§ **Exercise**
When you reach the line containing "Embroidered Wool Hollow", begin copying, and keep copying each line exactly until the listing ends.

-*-*-

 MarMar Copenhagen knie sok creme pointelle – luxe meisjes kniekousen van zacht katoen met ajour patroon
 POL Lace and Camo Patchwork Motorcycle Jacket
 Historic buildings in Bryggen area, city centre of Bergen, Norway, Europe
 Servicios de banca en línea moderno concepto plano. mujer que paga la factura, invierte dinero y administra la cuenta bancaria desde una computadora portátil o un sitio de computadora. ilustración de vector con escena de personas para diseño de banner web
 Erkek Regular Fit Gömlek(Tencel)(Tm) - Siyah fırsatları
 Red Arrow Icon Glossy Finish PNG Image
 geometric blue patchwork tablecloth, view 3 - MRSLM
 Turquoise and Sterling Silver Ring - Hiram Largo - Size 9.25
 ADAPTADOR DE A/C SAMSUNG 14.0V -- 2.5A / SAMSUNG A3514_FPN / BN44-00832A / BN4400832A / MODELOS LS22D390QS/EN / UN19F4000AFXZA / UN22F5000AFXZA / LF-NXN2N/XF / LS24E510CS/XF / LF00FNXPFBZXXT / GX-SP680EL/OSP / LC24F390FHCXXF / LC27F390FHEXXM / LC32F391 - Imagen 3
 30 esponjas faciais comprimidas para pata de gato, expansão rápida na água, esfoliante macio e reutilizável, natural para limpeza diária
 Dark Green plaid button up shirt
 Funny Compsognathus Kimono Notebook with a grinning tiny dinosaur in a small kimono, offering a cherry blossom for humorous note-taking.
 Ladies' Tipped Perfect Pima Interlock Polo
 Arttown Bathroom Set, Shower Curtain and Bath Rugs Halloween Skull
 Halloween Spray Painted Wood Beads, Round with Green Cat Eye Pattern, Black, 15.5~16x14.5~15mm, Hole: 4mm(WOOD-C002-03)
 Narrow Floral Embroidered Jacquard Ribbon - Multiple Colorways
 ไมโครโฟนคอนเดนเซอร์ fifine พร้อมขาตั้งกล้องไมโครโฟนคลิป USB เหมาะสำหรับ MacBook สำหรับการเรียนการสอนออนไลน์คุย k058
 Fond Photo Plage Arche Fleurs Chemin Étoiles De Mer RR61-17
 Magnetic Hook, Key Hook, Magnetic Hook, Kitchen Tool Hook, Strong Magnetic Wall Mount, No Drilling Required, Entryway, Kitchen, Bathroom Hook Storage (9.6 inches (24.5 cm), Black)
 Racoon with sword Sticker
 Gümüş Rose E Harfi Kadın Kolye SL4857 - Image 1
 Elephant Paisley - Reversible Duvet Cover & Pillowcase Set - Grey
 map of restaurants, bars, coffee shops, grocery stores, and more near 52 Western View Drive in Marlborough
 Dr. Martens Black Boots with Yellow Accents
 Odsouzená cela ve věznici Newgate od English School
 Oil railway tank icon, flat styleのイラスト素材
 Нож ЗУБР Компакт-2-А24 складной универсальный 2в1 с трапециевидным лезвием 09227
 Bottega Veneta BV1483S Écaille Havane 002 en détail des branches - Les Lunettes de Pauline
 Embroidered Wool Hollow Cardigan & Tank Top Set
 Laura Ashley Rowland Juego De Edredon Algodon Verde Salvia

-*-*-

§ **Output below**
 Embroidered Wool Hollow Cardigan & Tank Top Set
 Laura Ashley Rowland Juego De Edredon Algodon Verde Salvia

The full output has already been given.